MS DRG of the Week: MSDRG 190: COPD with MCC
Change the Principal diagnosis
· Likely alternate principal diagnoses include ...
o 348.1 Anoxic brain damage → DRG 91
o 415.1 Pulmonary embolus → DRG 176
o 507.0 Aspiration pneumonitis or bronchitis → DRG 177 CW 2.07
o 162.30 Pancoast tumor → DRG 180
o 518.81 Acute respiratory failure → DRG 189 CW 1.28
o 486 Pneumonia → DRG 193 CW 1.48
o 515 Interstitial lung disease / interstitial pneumonitis → DRG 196 CW 1.61
o 428.21 Acute systolic heart failure → DRG 291 CW 1.49
o 578.9 GI bleed → DRG 377
o 197.7 Metastases to liver → DRG 435
o 584.9 Acute kidney failure → DRG 682 CW 1.64
o 996.64 UTI complicating indwelling urinary catheter → DRG 698
o 288.0 Neutropenia (due to infection) → DRG 808
o 038.9 Septicemia → DRG 871
· Patients with COPD exacerbation (Case weight 1.19) often have other concurrent conditions which may be co-equal in meeting the definition of principal diagnosis (ICD-9-CM Official Guidelines for Coding and Reporting, Section II). Relative case weights of selected common alternative principal diagnoses are noted above.

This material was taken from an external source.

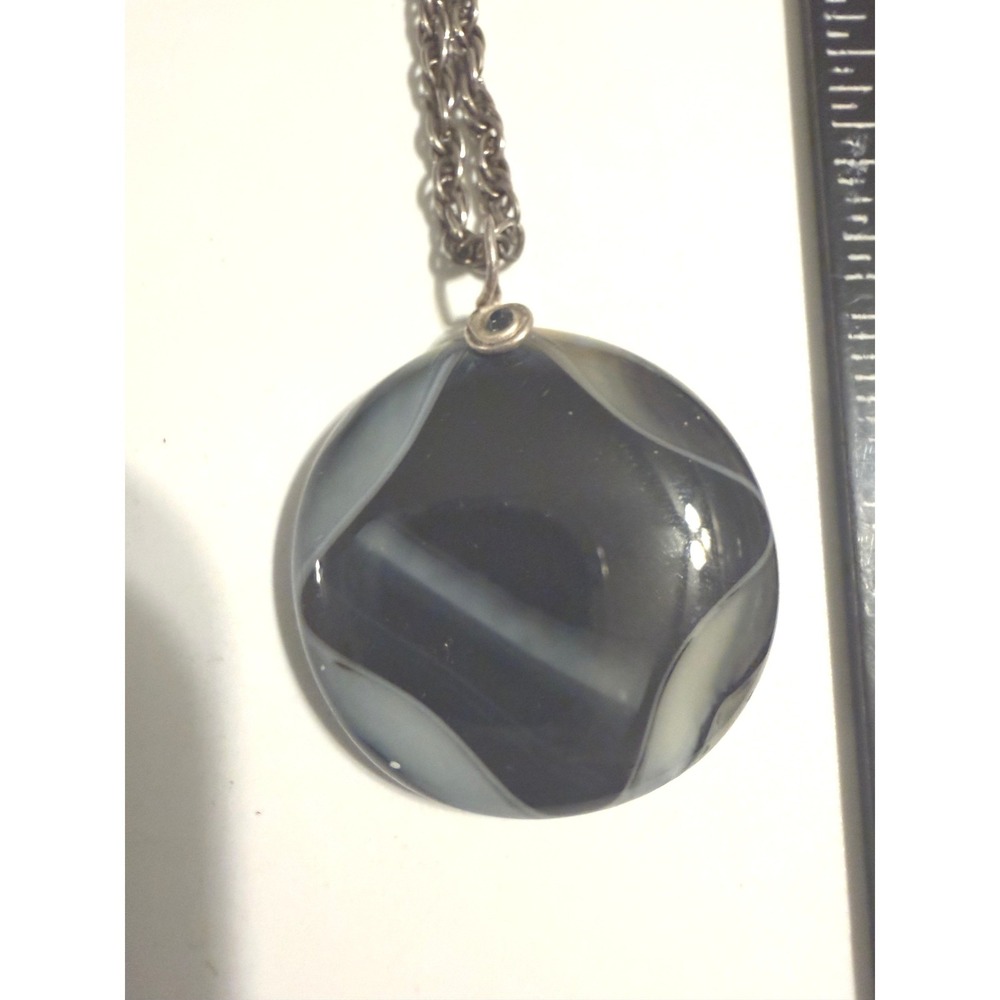 Vintage Banded‎ Agate Pendant Necklace Silver Tone Rope Chain Black White Grey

· Aspiration pneumonia and aspiration bronchitis share the same code (507.0). Consider a query if medical records indicate presence of both aspiration and bronchitis, even if no pneumonia.
· Principal diagnoses which lead to DRG 196 include Post-inflammatory pulmonary fibrosis (515) and Alveolar/parietoalveolar pneumonopathy (516.8). Look for complications of amiodarone or methotrexate therapy. Consider re-reading Coding Clinic 2Q 2006 page 20 for discussion of this.
· If you are considering respiratory failure, make sure that medical record documentation supports both the diagnosis and the acuity that you recommend. Don't accept a physician diagnosis of respiratory failure without verifying supporting documentation. RAC reviewers are likely to check carefully for clinical indicators that support the presence of respiratory failure.
MCC Conditions
· DRG 190 already has an associated MCC condition. Any changes associated with a COPD principal diagnosis will be down-codes.
o Delete pneumonia (486)
§ Patients with COPD are often admitted with a suspicion of pneumonia on admission. Sometimes pneumonia is ruled out during the admission.
o Delete myocardial infarction
§ The cardiologist assessment may be that the small troponin bump was due to COPD exacerbation.